Task requirements >> Only the lines below from the one that contains "Floor plan. 20.8" through the one that contains "Small Compact Patio" should appear in your answer, exact and without pictures.

Data provided Start Marker

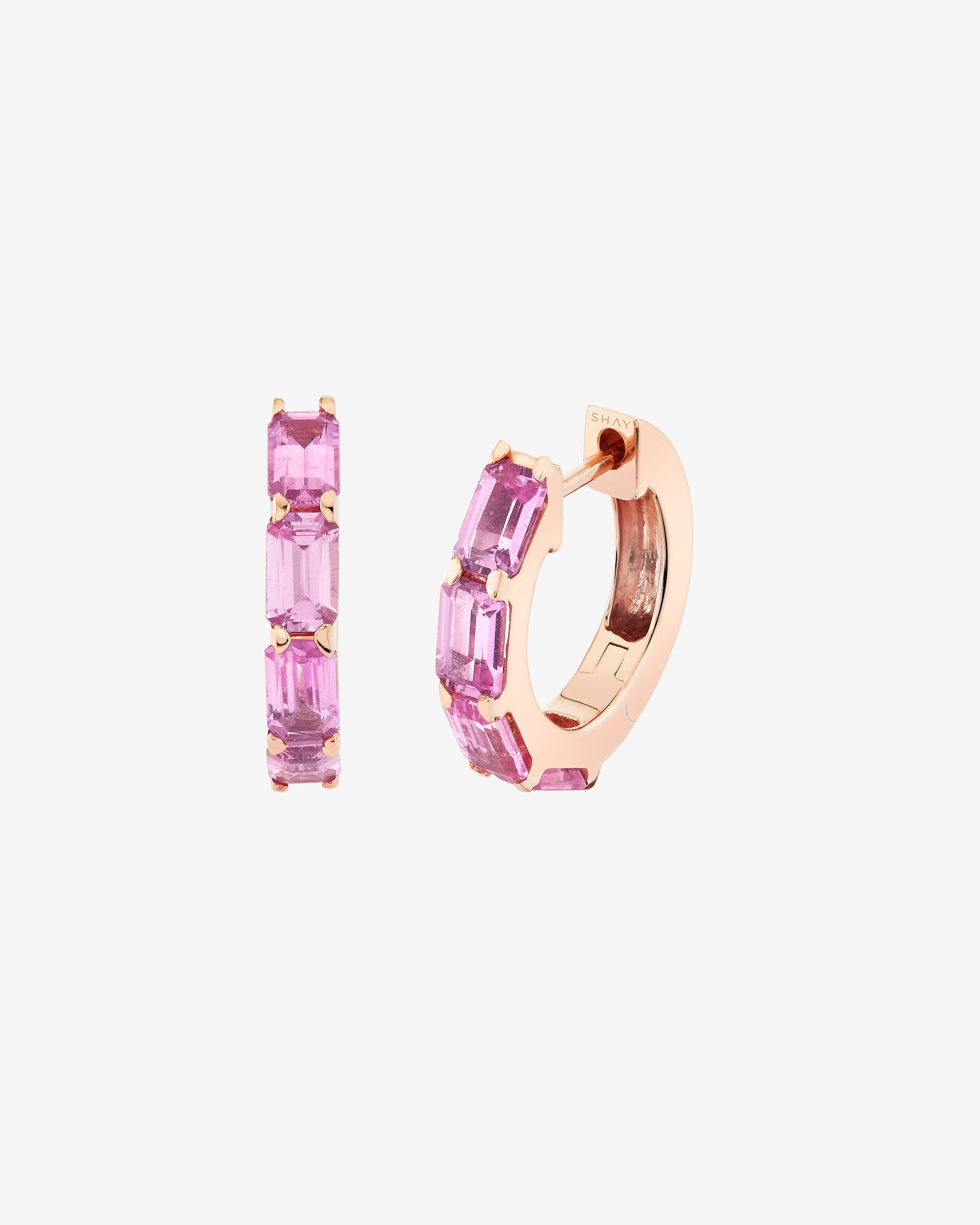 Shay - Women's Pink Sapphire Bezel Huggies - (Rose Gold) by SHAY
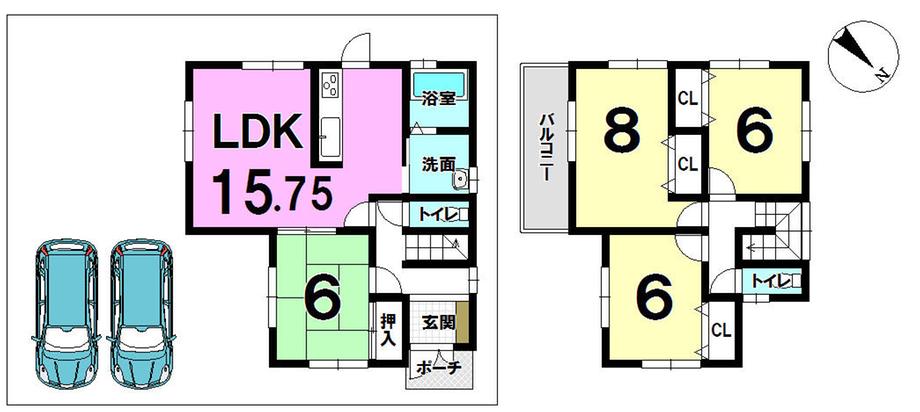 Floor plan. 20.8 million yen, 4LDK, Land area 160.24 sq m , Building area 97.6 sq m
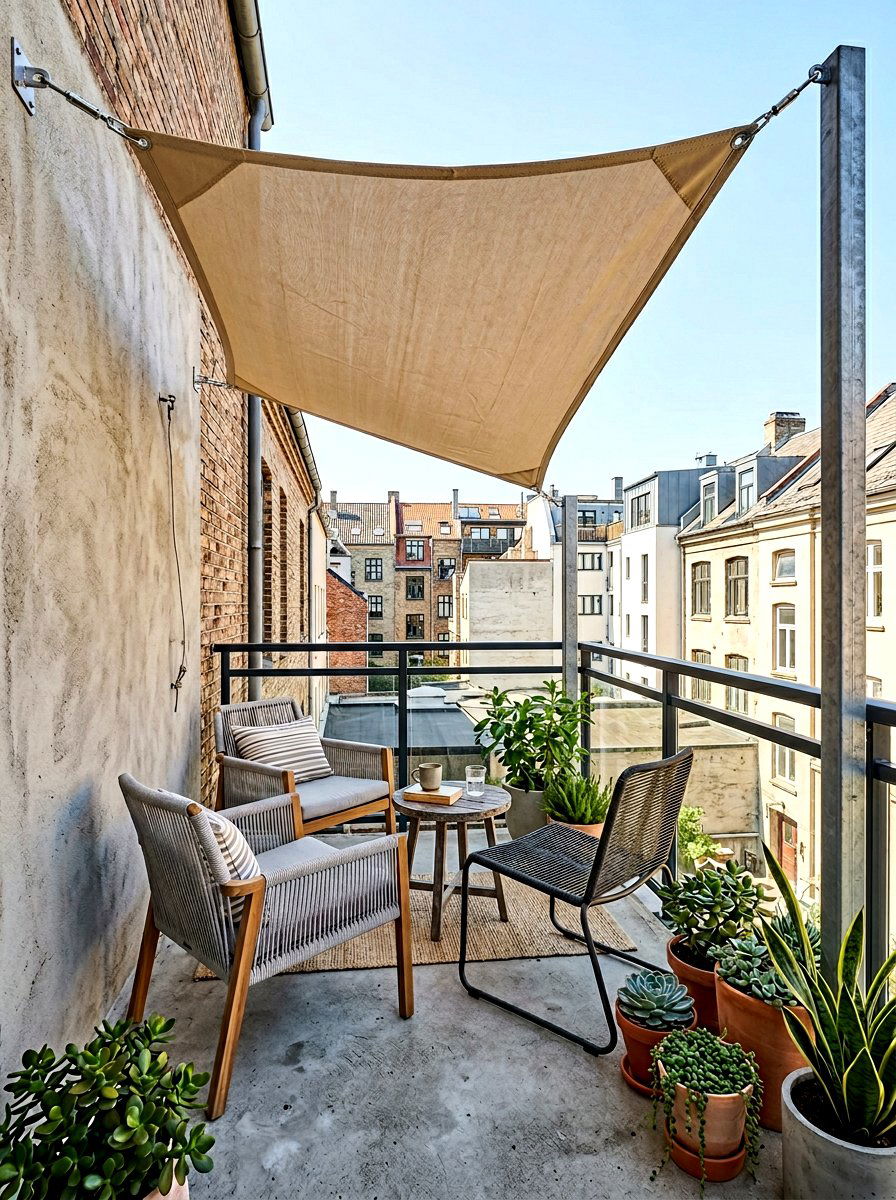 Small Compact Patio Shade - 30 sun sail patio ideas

Data provided End Marker
Data provided Start Marker

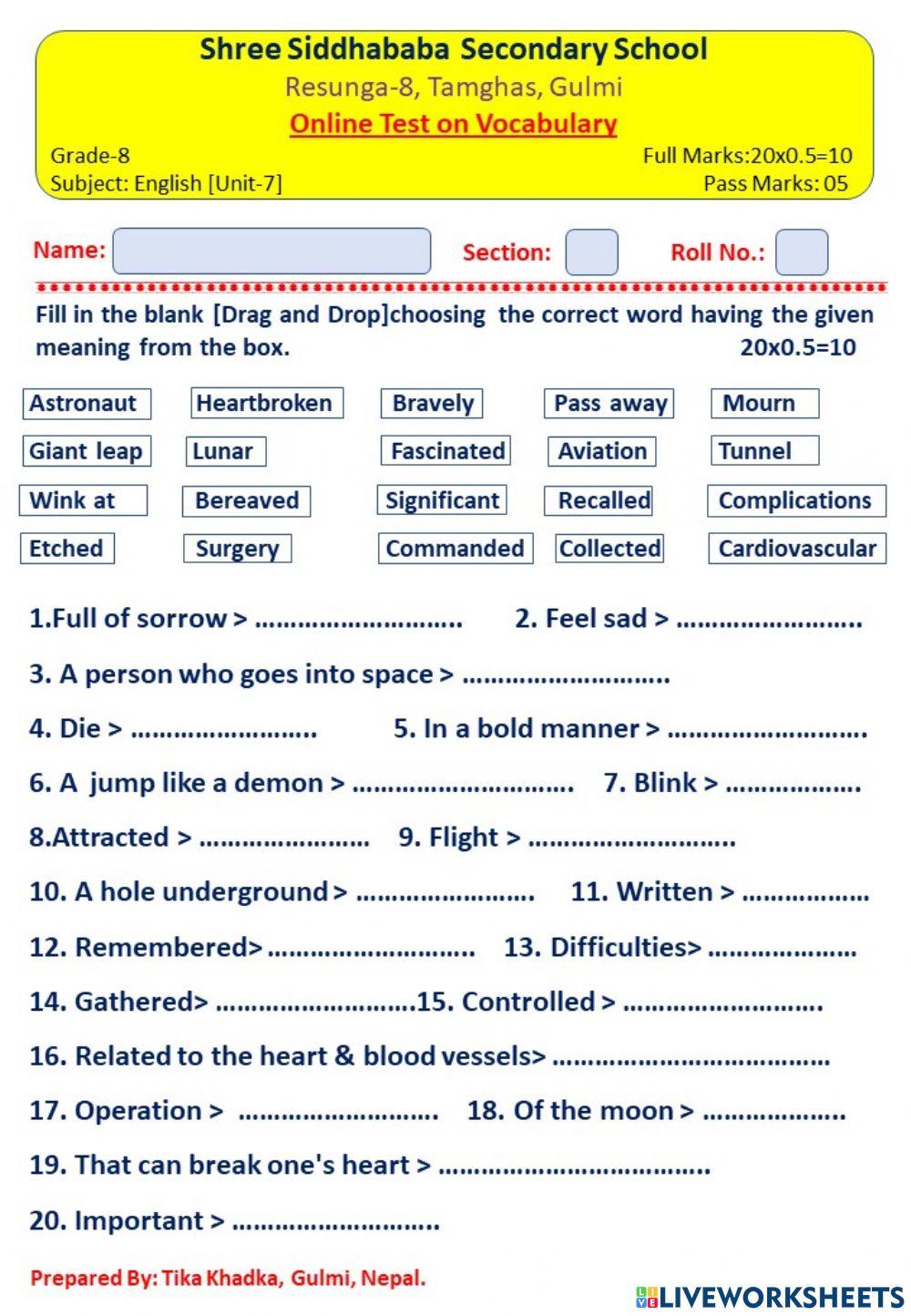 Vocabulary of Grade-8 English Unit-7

Data provided End Marker

Task answer >>
 Floor plan. 20.8 million yen, 4LDK, Land area 160.24 sq m , Building area 97.6 sq m
 Small Compact Patio Shade - 30 sun sail patio ideas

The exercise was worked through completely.